The Complete Collection of Travel Literature
Page 73
A week of routine passed, during which we covered no more than a mile or two a day. It was an absurdly slow advance but, as I saw it, any advance was good going in such intolerable conditions.
We would begin at nine a.m., after a meal of fish stew and rice. The team would pull like mad for two hours, break for raisins, and pull again for three hours. By mid-afternoon they were too exhausted to continue. I would start scouting for a suitable place to camp. Fortunately the river was teeming with fish, which allowed us to conserve the precious supply of Pot Noodles.
Only one thing can maintain the stamina of hard-worked men: an unending supply of hot food. For this reason, I encouraged the porters to fish from the moment camp was struck until we sat for the evening meal. Others would go into the jungle and search for roots and for chonta palm, the heart of which is a rather bland delicacy. Sometimes Julio and his friend Alfonso would shoot a bird with their old shotgun. Whatever was caught was skinned and tossed into the pot.
After a handful of days in the fast current, we had all sustained terrible injuries to our feet. The sand in the river eroded the skin between the toes, and eventually stripped it away completely. Constant immersion prevented new skin becoming hard. The damage was severe, irrespective of the quality of one’s boots.
Each evening after the meal I would sit on a rock and tend my wounds.
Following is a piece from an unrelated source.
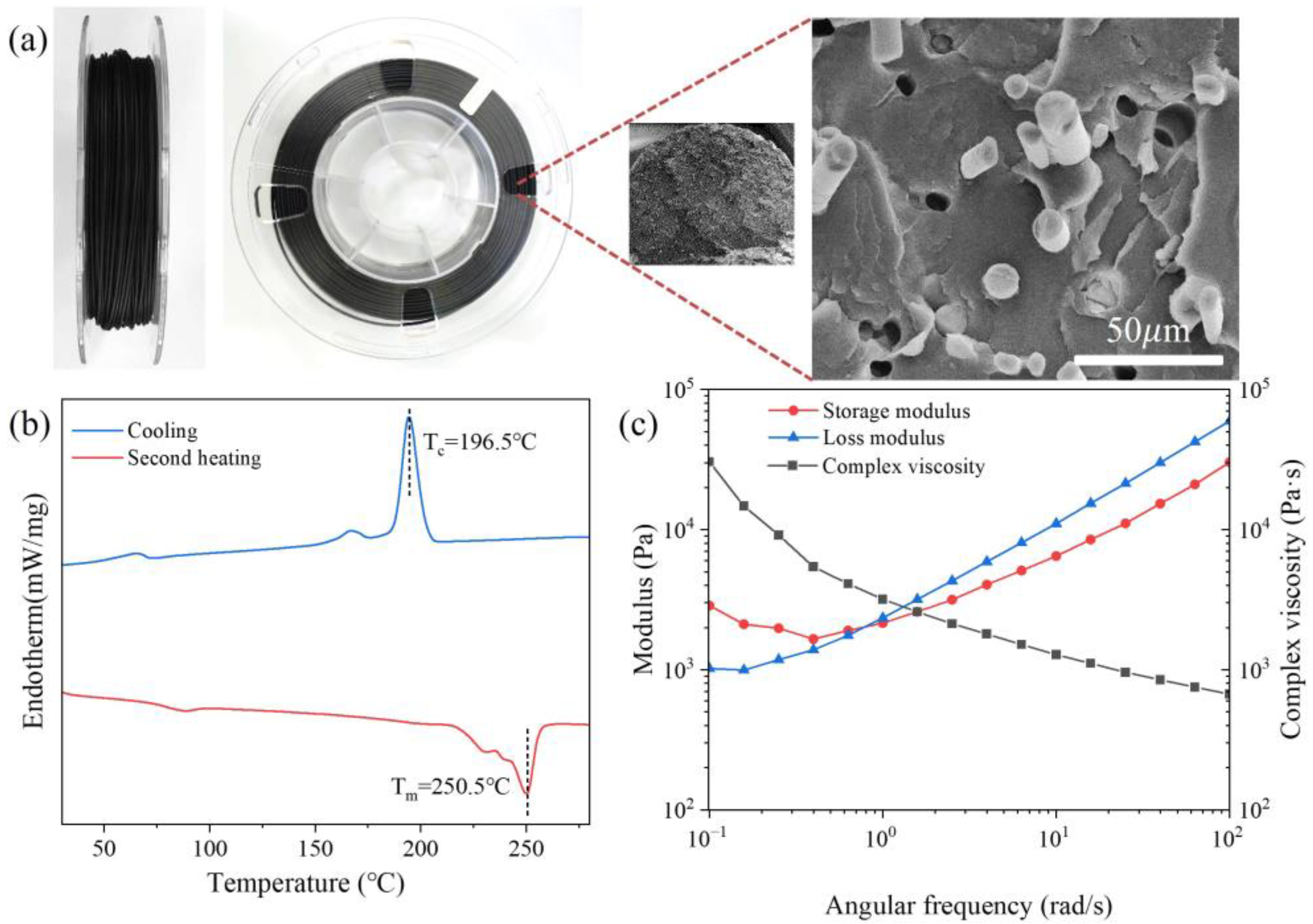 Polymers 16 01091 g002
The only way of preventing our feet rotting was to lubricate them morning and night with petroleum jelly. Feet were not the only cause of discomfort. An expedition on the move sustains all manner of minor injuries. If not treated, they quickly escalate. While making the rafts, one man’s forearm was slashed with a machete and another lost a considerable amount of blood from a knife wound on his hand. Every inch of every man was pocked with insect bites and bee stings. We were all stung so frequently that no one bothered mentioning the pain. My own face was badly swollen — I was stung more than thirty times when I walked face first into a wasps’ nest. I thanked God that my eyes had been spared.
The stones became more slippery with each mile we covered, adding to my fear of snapped ankles.
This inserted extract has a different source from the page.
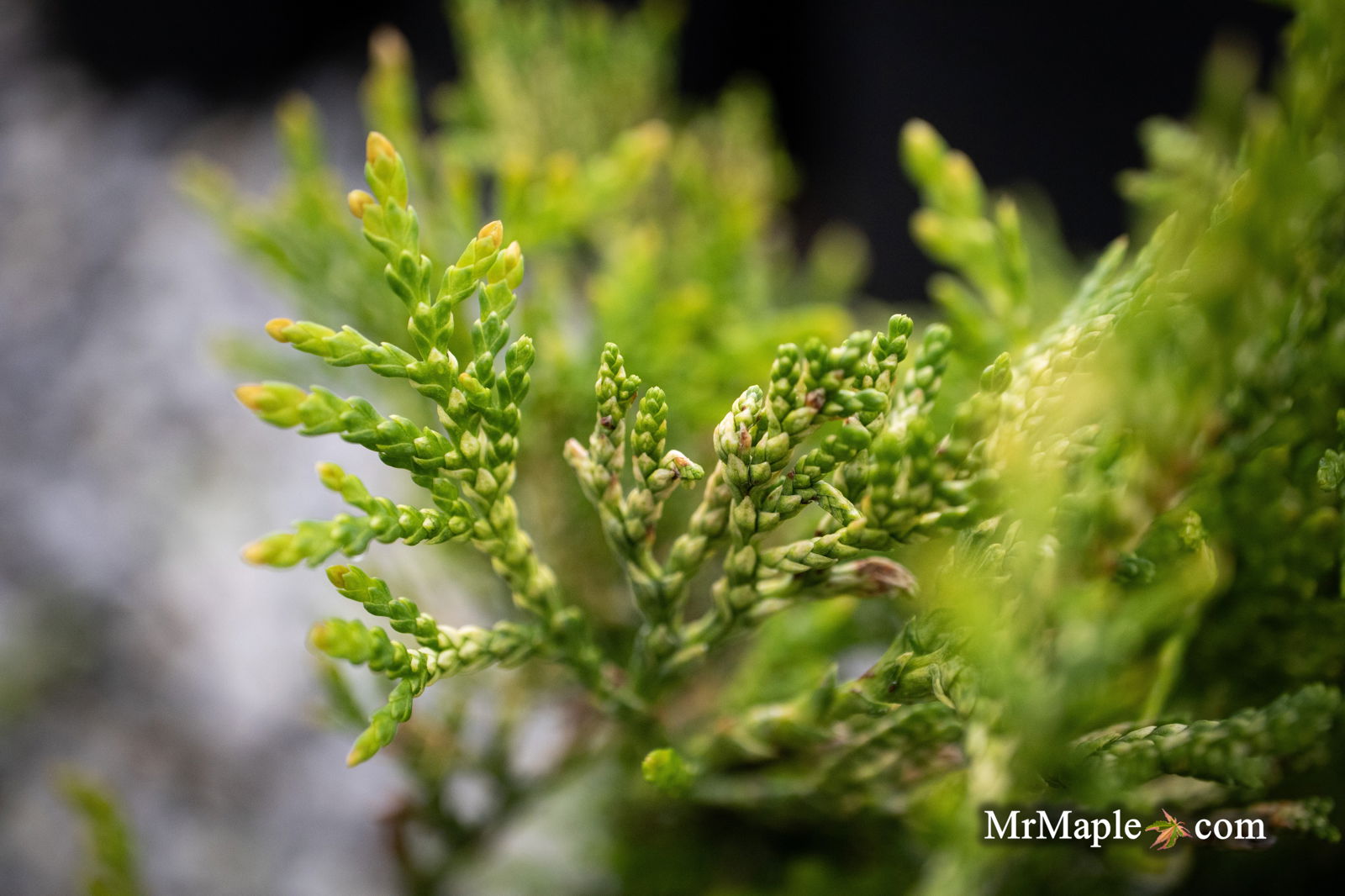 Thuja occidentalis 'Piccadilly' Dwarf Arborvitae — Mr Maple │ Buy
None of us mentioned Richard, except to voice our delight at his departure. Héctor was the veteran’s loudest critic. “Él es un hombre sin alma, he is a man with no soul,” he barked one morning, “and a man with no soul is empty, like a corked bottle adrift on the ocean.” “But Vietnam damaged his mind.”
“Mi amigo,” he said solemnly, “no hay palabras suficientes para justificar tanta debilidad, my friend, no words are sufficient to excuse such weakness.”
TWELVE
DROWNING
A half-drowned man must be put to bed in dry, heated clothes, hot stones placed against the feet, and his head must be raised moderately. Human warmth is excellent, such as that of two men made to lie close up against him, one on each side.
The Art of Travel
On the morning of the eighth day from Aboroa, Francisco, the crag-faced enemy of us all, spotted a thin plume of smoke rising up from a pile of banana leaves on the far bank of the river. Near to it was a severe rapid, and a series of natural caves carved by the river in ancient times. As we approached, it became clear that the banana leaves formed a primitive dwelling. The earth around it was scuffed up, as if a commotion had recently taken place. Other than the smoke, there was no sign of life.
Héctor clapped his hands, whistled, and clapped again. Still no one came. “This place is Pusharo,” he said ominously. “That must be Javier’s camp.”
“Pancho’s brother?”
The Maestro ducked his head in a nod. A second or two after that, a squat, wispy figure climbed out from the shelter and peered over at our group. He studied us cautiously, his weight balanced as if to take immediate flight if required. Héctor called again. The figure stooped a fraction, then stood tall.
“It’s Javier,” Héctor said.
“Call him over.”
“He won’t come. He has no curiosity.”
“But we have to talk to him, to ask him about the ruins.”
Héctor slunk away to be alone on the rough, stony beach. He had a curious manner of hunting down a contact, getting very close to it, then drifting off, as if he were fearful of something. I went over and asked what was the matter.
“You can’t ask Javier about the ruins,” he said. “Do so and he may kill us.”
“But he’s your friend,” I said.
“I know, but we are nearing the place of negative energy. I can no longer trust my friends. We are nearing Paititi now,” he said.
“Are you sure?”
He blinked in confirmation and rapped his palm over the rock on which he sat. “Míralo, look at it,” he said.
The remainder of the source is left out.